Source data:
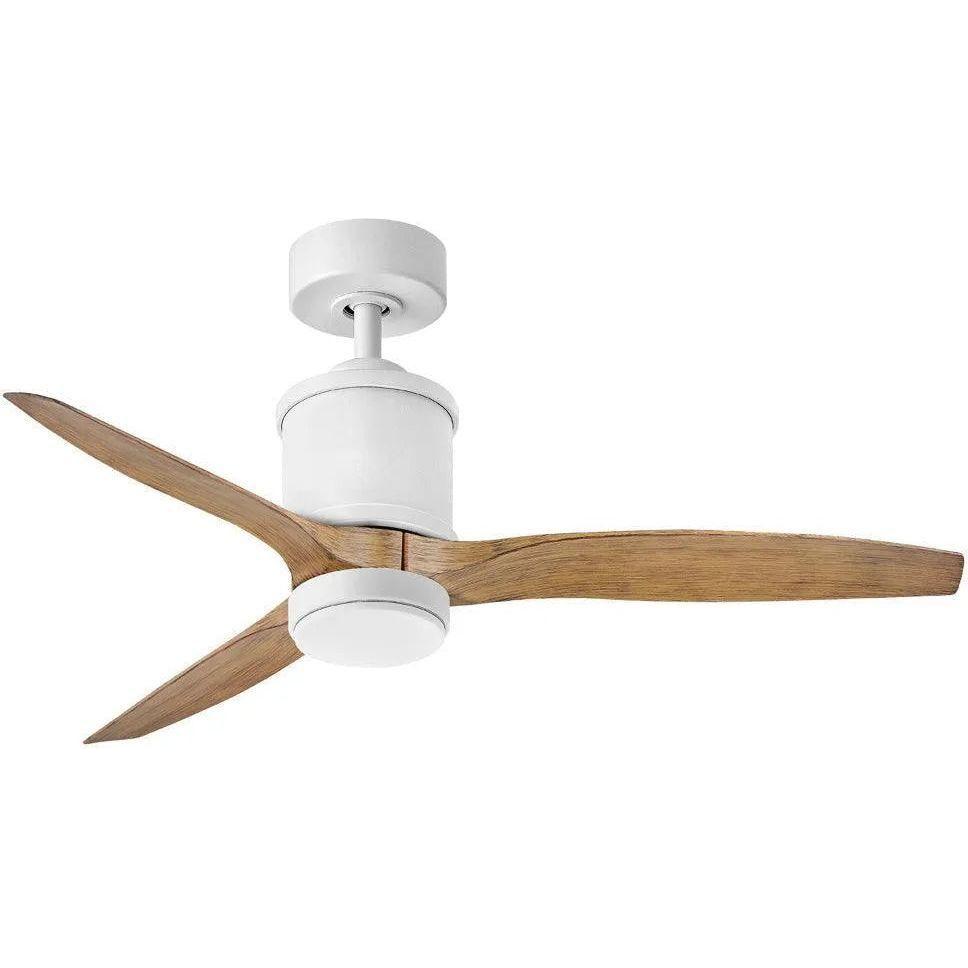 Hinkley Lighting - Hover Ceiling Fan - 900752FWK-LWD - Canada Light Shop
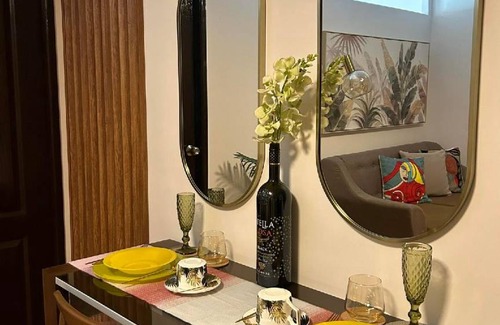 Bocaue House | 28 m² House ∙ 1 bedroom ∙ 4 guests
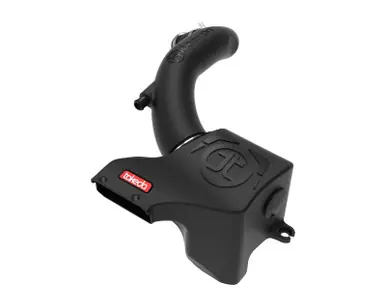 Affordable aFe Takeda Momentum Cold Air Intake System w/ Pro DRY S Media Hyundai Elantra Sport 17-20 L4-1.6T - 56-70005D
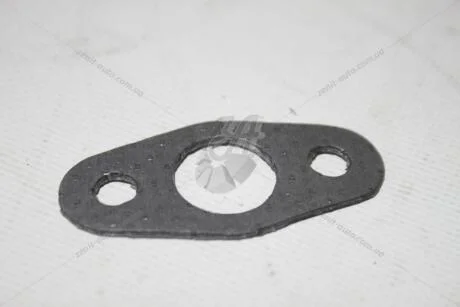 Прокладка шланга отвода масла от турбины Citroen Jumper/Peugeot Boxer 2.2 HDi/Fiat Ducato 2.5TDI (06-) EXXEL B030.93450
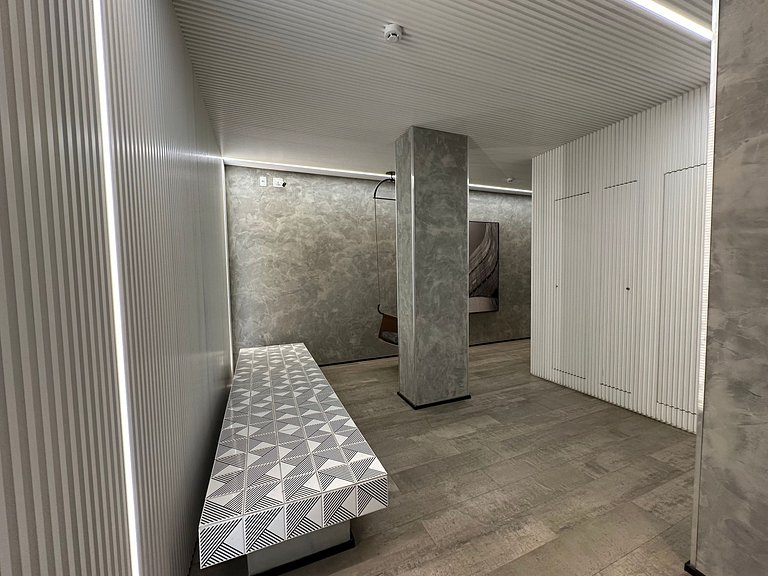 Studio Pamplona | Melhor localização da Av. Paulista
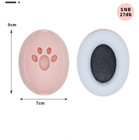 1pc Baby Noise Reduction Earmuffs Hearing Protection Headphones For Sleep - New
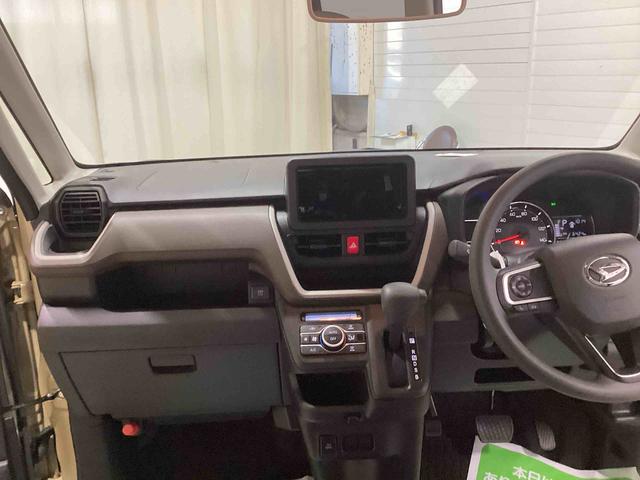 ムーヴＸインパネシフト　プッシュスタートスイッチ　電子カードキー　レーンキープアシスト　誤発進抑制装置　オートマチックハイビーム　両側スライドドア（助手席側電動スライドドア）衝突被害軽減システム（鹿児島県）の中古車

## Your task
Leave out the pictures and reproduce the rest of the records exactly.

## Written response
 Hinkley Lighting - Hover Ceiling Fan - 900752FWK-LWD - Canada Light Shop
 Bocaue House | 28 m² House ∙ 1 bedroom ∙ 4 guests
 Affordable aFe Takeda Momentum Cold Air Intake System w/ Pro DRY S Media Hyundai Elantra Sport 17-20 L4-1.6T - 56-70005D
 Прокладка шланга отвода масла от турбины Citroen Jumper/Peugeot Boxer 2.2 HDi/Fiat Ducato 2.5TDI (06-) EXXEL B030.93450
 Studio Pamplona | Melhor localização da Av. Paulista
 1pc Baby Noise Reduction Earmuffs Hearing Protection Headphones For Sleep - New
 ムーヴＸインパネシフト　プッシュスタートスイッチ　電子カードキー　レーンキープアシスト　誤発進抑制装置　オートマチックハイビーム　両側スライドドア（助手席側電動スライドドア）衝突被害軽減システム（鹿児島県）の中古車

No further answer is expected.